| REQUIREMENT |
Locate the line that contains "Haus 7 Schlafzimmer" in the data that follows. Copy it and every subsequent line to the end, exactly, excluding pictures.

-- STORED DATA follows --

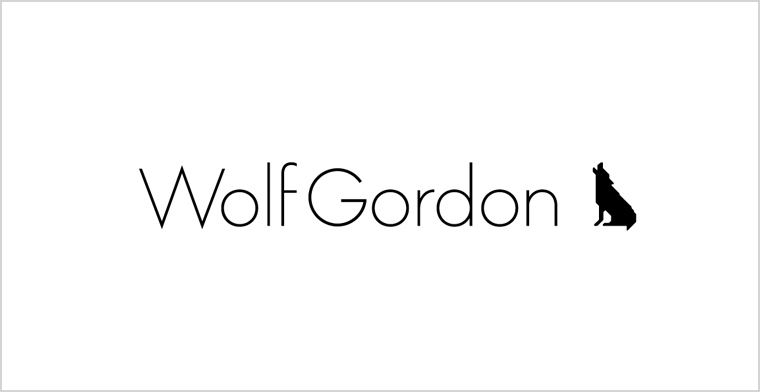 Wolf Gorden_logo_ISA_International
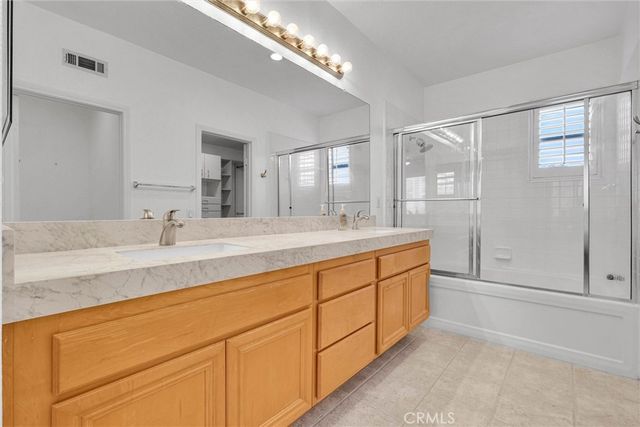 1864 Torrance, Torrance, CA 90501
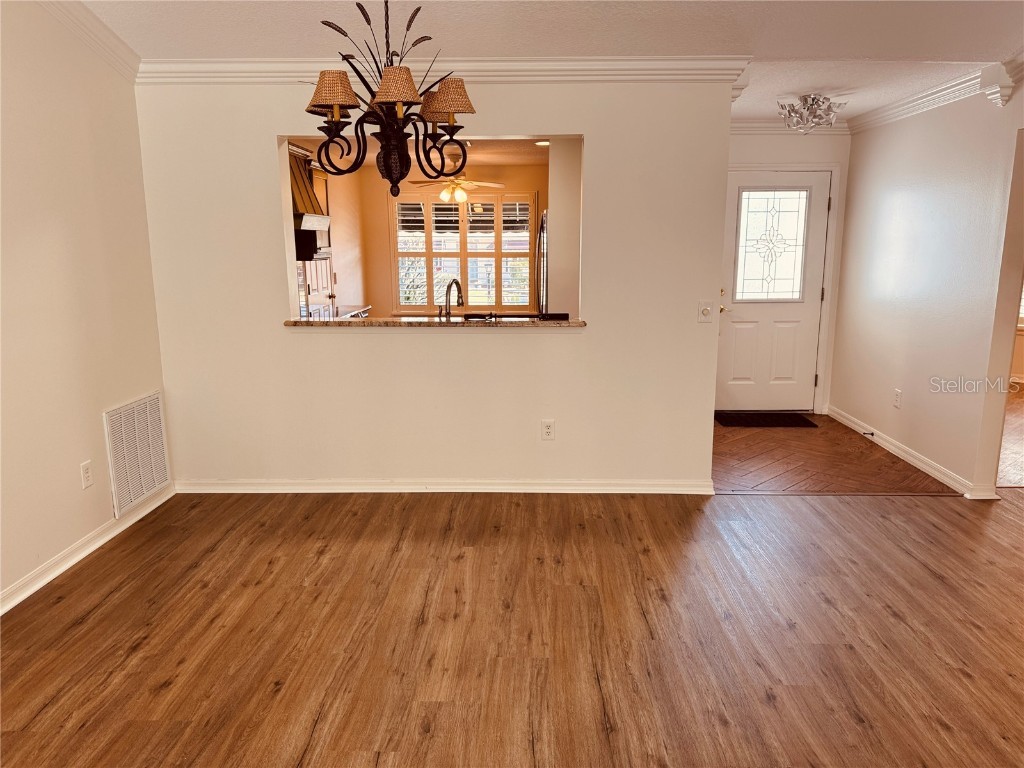 1110 Salido Avenue The Villages FL 32159 G5105194 image18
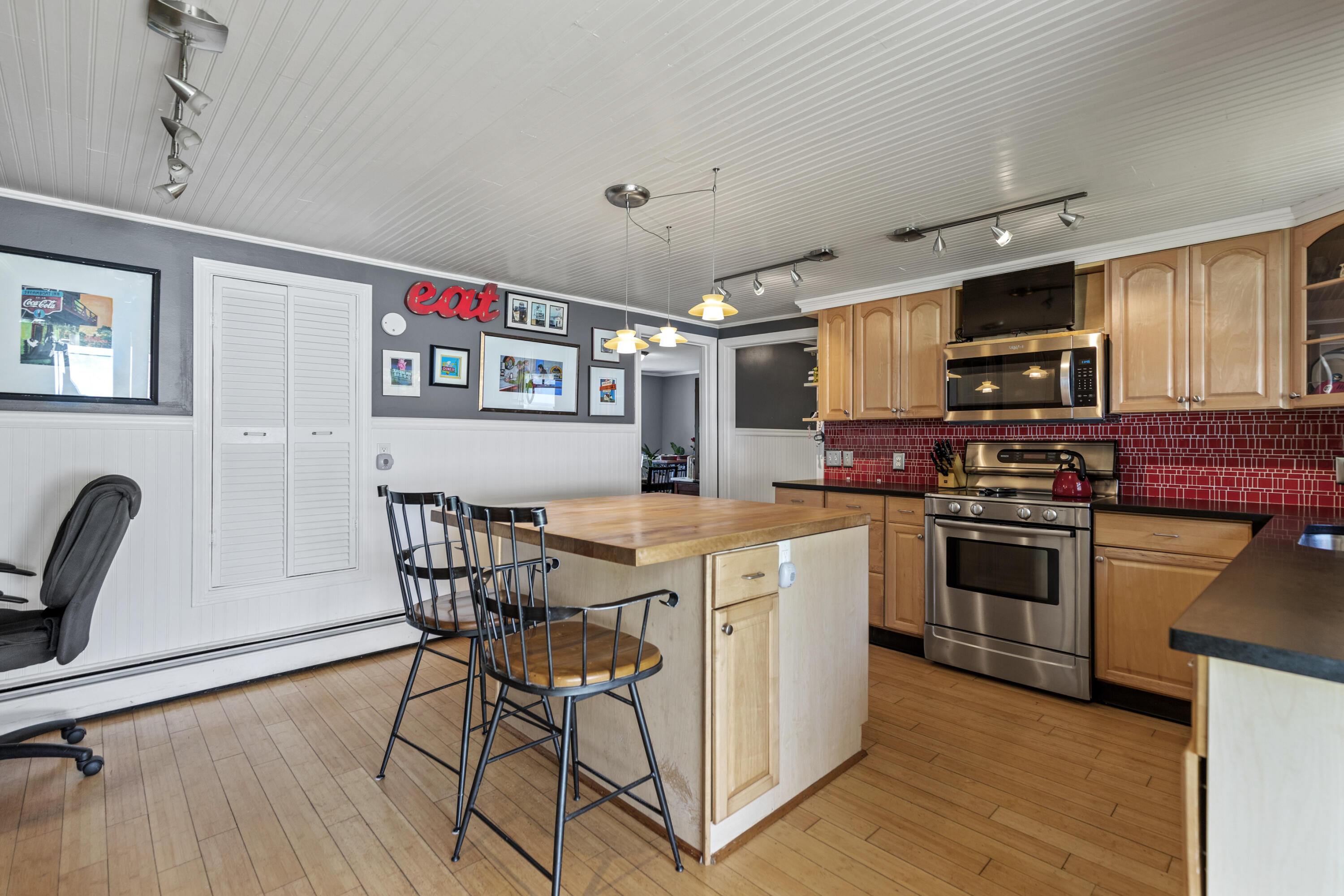 33 Reef Road Cape Elizabeth, ME 04107 - Photo 21 of 58 33ReefRoadCapeElizabeth_005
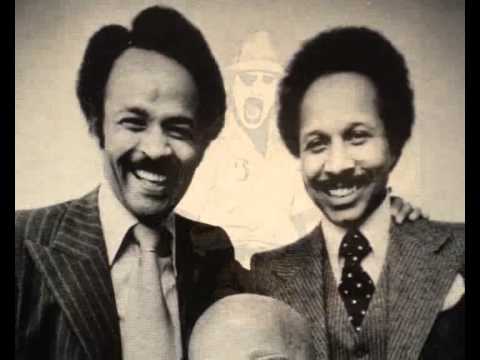 TOMMY BUTLER Feat. SIP CULLER & FRED TUCKS - LIE LIE LIE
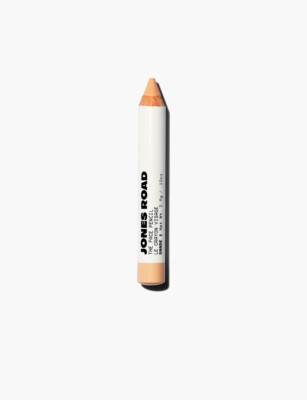 Jones Road The Face Pencil - Shades 1, 2, 4, 5, 6, 7, 8, 9, 10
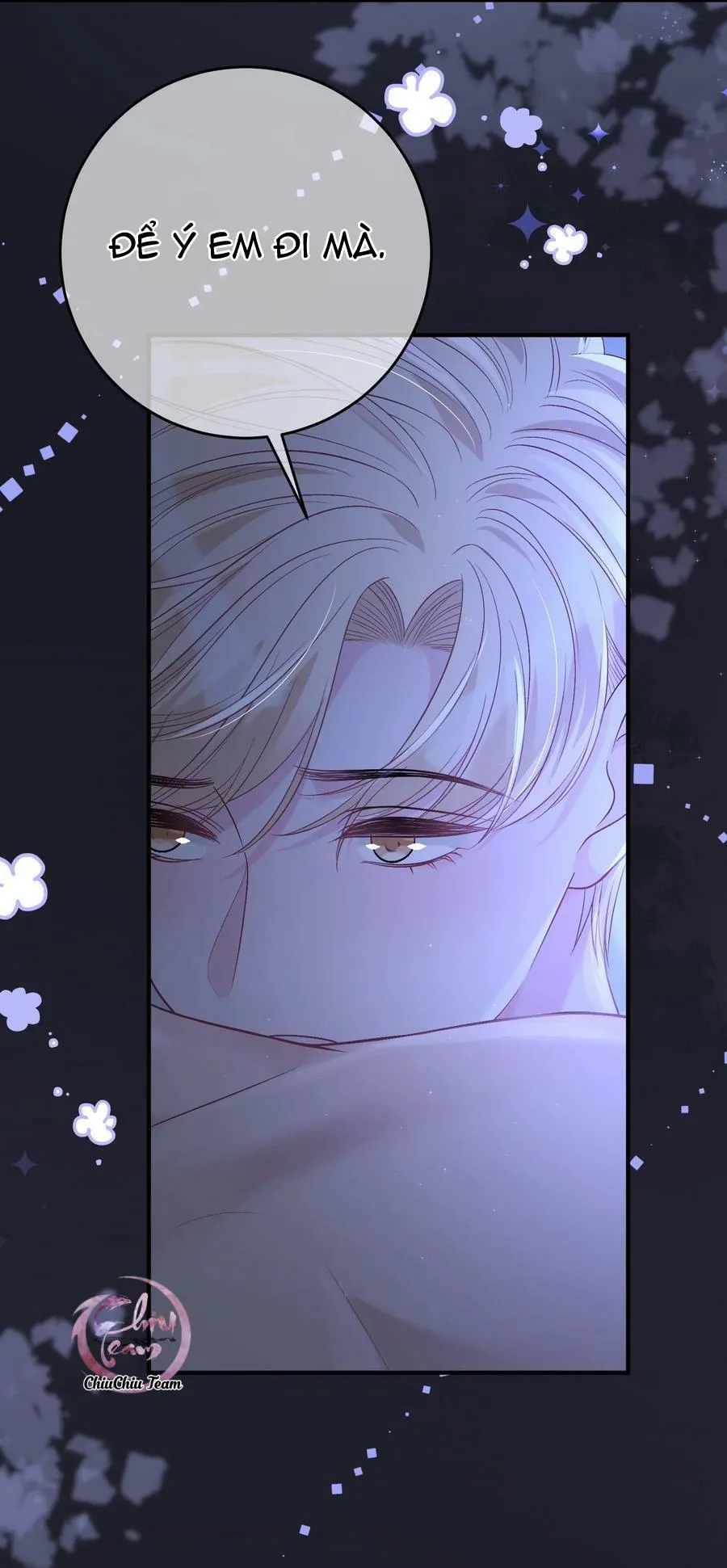 Trước Và Sau Chia Tay (END) Chapter 90 Trang 4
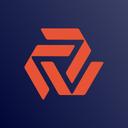 StockLogic Reviews & Ratings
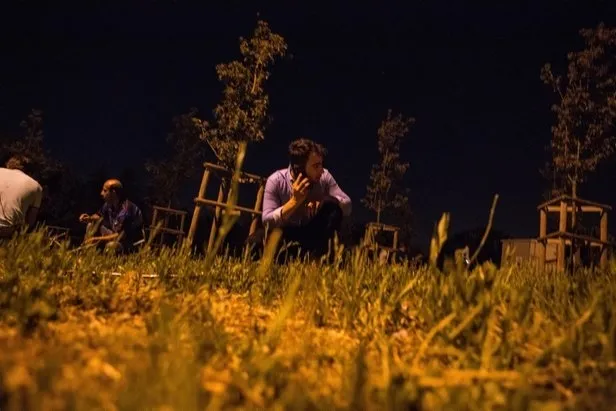İşte dakika dakika 15 Temmuz'da yaşananlar! İhanet ve diriliş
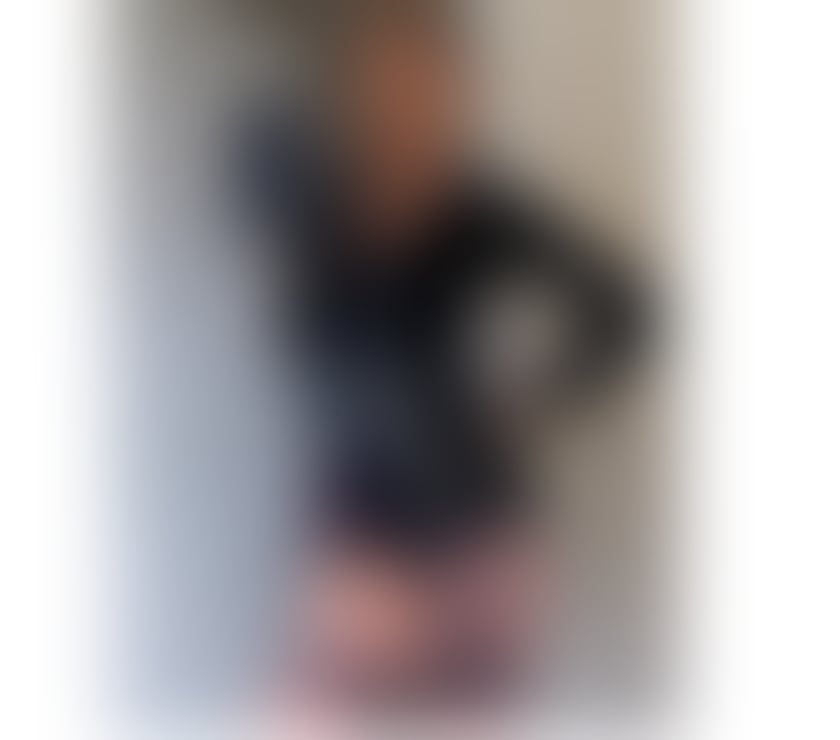 Escorts Greater Manchester Manchester - Photos for English Emily 🌟 07300647789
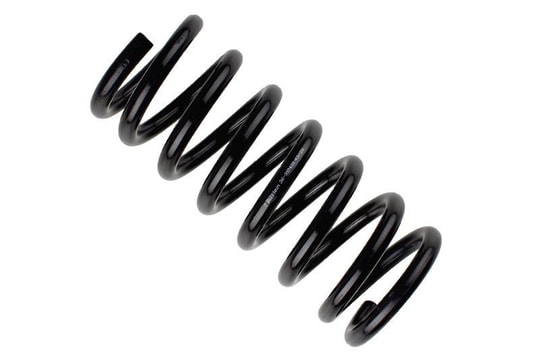 GVAVw T3 V B3BILSTEIN 36-317431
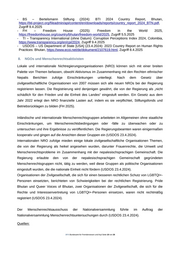 Seite 10 – bhut-lib-2025-05-09-ke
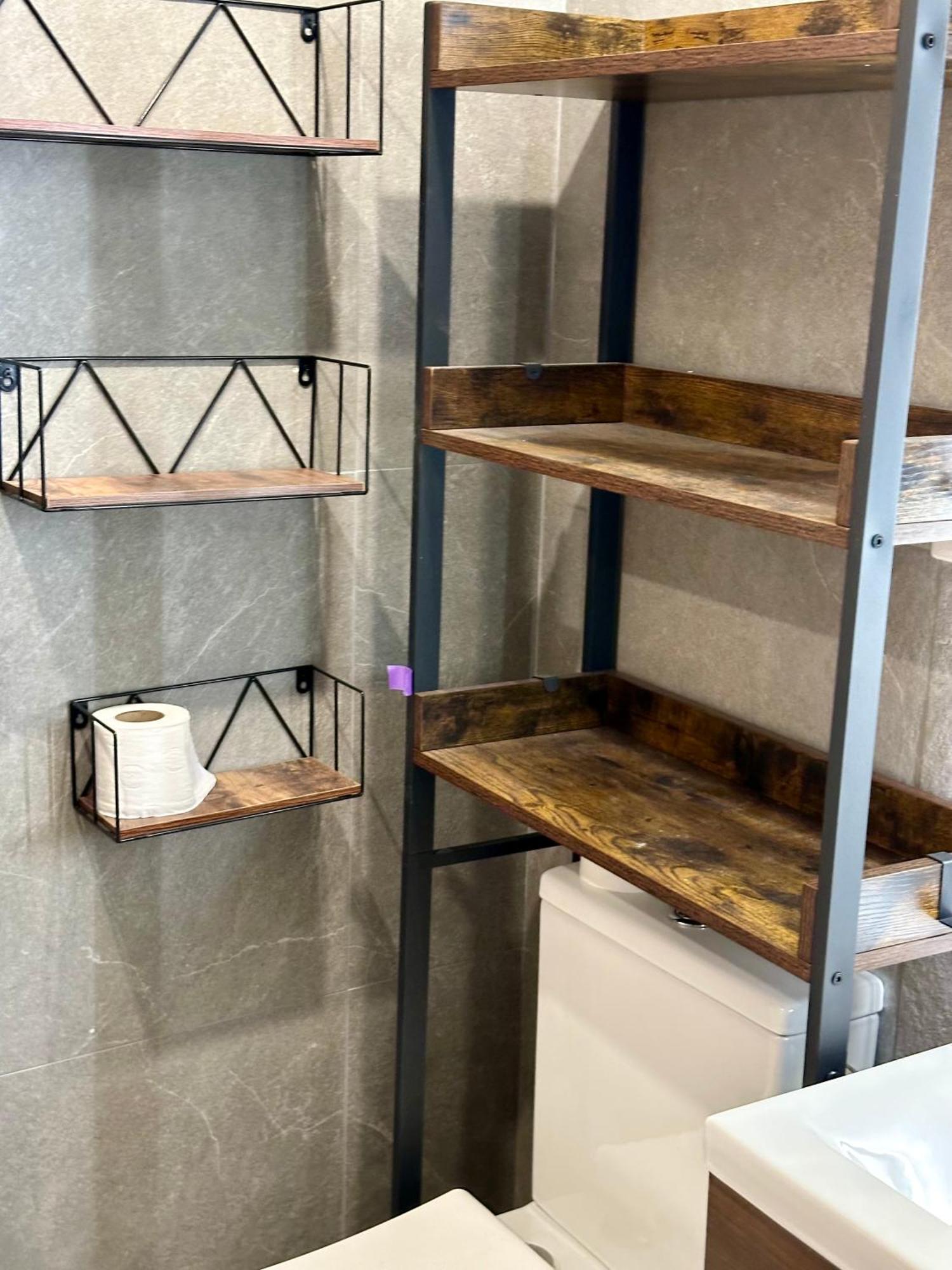 Ecrin Alpin Hyper Centre D'Auron Apartment Saint-Etienne-de-Tinee Luaran gambar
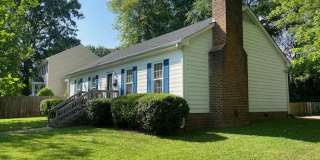 2025 Bason Court Gallery 3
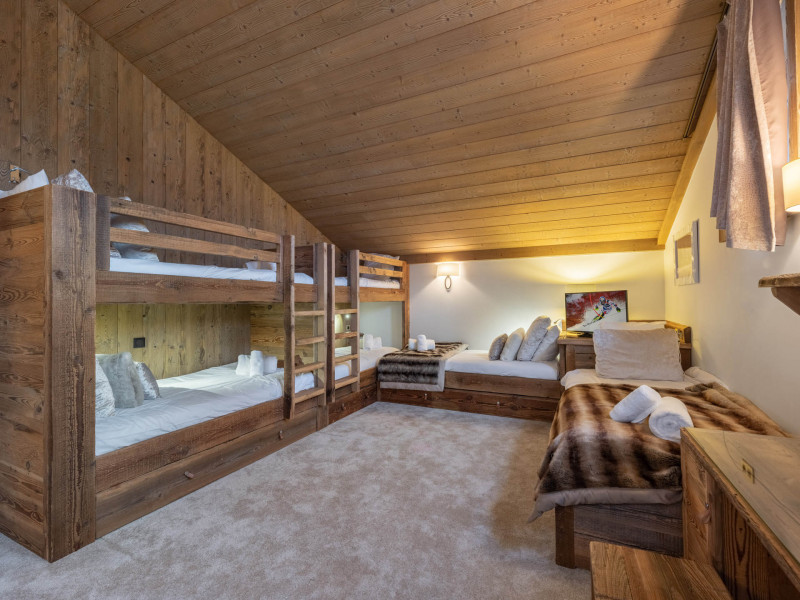 _lv_images__lot_0040100370_08_1206203 _lv_images__lot_0040100370_08_1206203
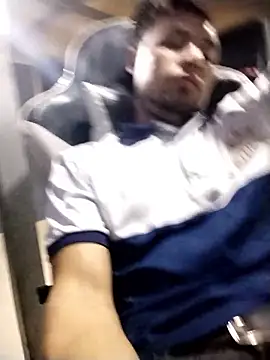 Snapshot of Jair_BM chatting on January 2026 08:20:01 AM Jair BM online show from January 2026 08:20:01 AM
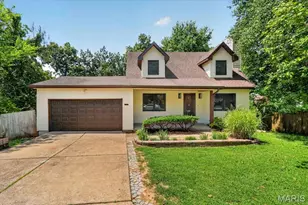 1704 Lewis Ln, Barnhart, MO 63012 - Photo 34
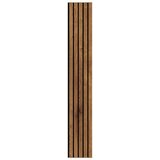 XXXL STENSKA DEKORACIJA | Shoptok.si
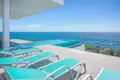 Haus 7 Schlafzimmer 602 m² West Bay, Honduras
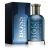 HUGO BOSS Bottled Infinite Туалетные духи 100 мл, Тип: Туалетные духи, Объем, мл.: 100 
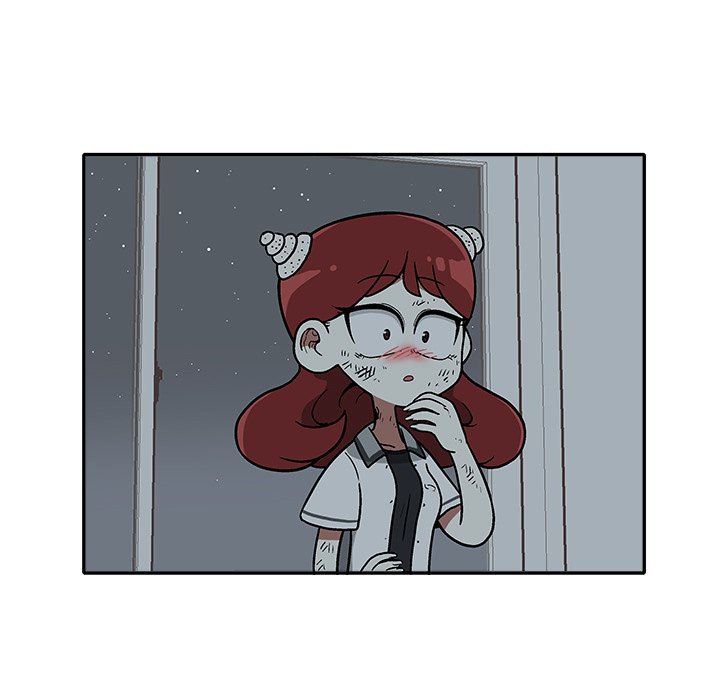 第18話 - 第4张
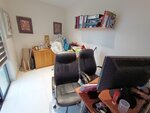 penthouse-in-pieta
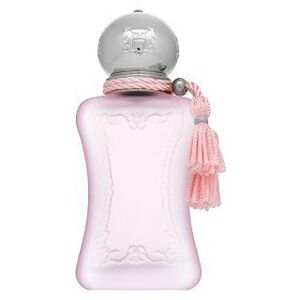 Parfums de Marly Delina La Rosée Eau de Parfum uniszex 30 ml kép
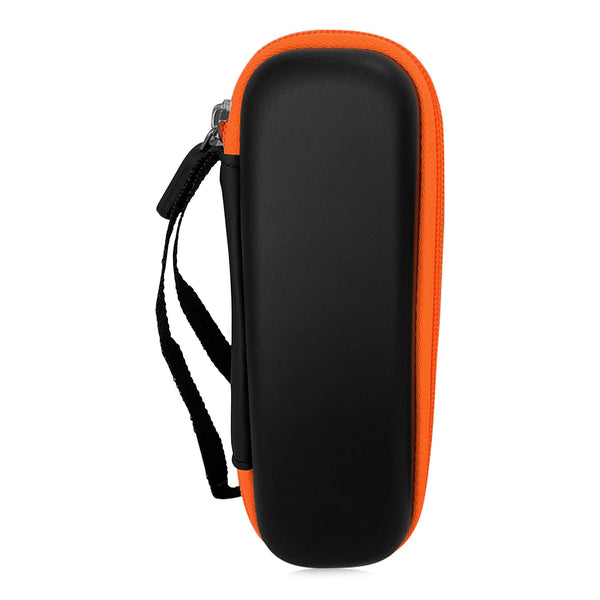 Breather Fit Respiratory Travel Case Breather Fit (1228428_EA) 1/EA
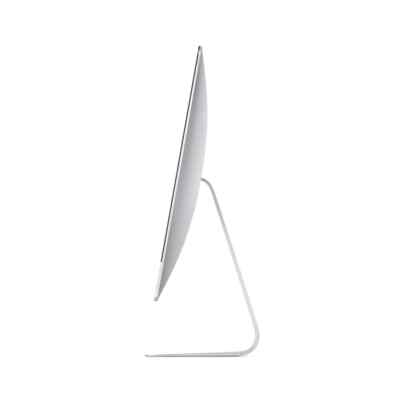 Apple iMac 27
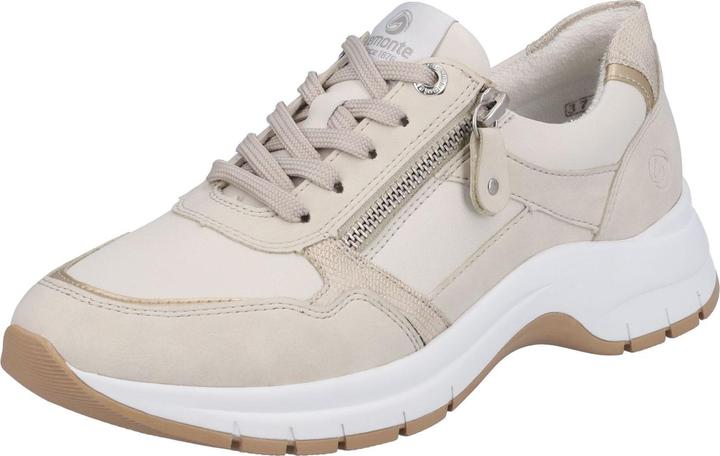 Produktbild Remonte Sneaker D0G02 60 (37)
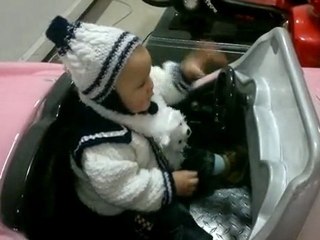 Girayhan chevrolet56 kullanıyor 2  :)))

-- STORED DATA concluded --

| RESPONSE FOR THIS EXERCISE |
 Haus 7 Schlafzimmer 602 m² West Bay, Honduras
 HUGO BOSS Bottled Infinite Туалетные духи 100 мл, Тип: Туалетные духи, Объем, мл.: 100 
 第18話 - 第4张
 penthouse-in-pieta
 Parfums de Marly Delina La Rosée Eau de Parfum uniszex 30 ml kép
 Breather Fit Respiratory Travel Case Breather Fit (1228428_EA) 1/EA
 Apple iMac 27
 Produktbild Remonte Sneaker D0G02 60 (37)
 Girayhan chevrolet56 kullanıyor 2  :)))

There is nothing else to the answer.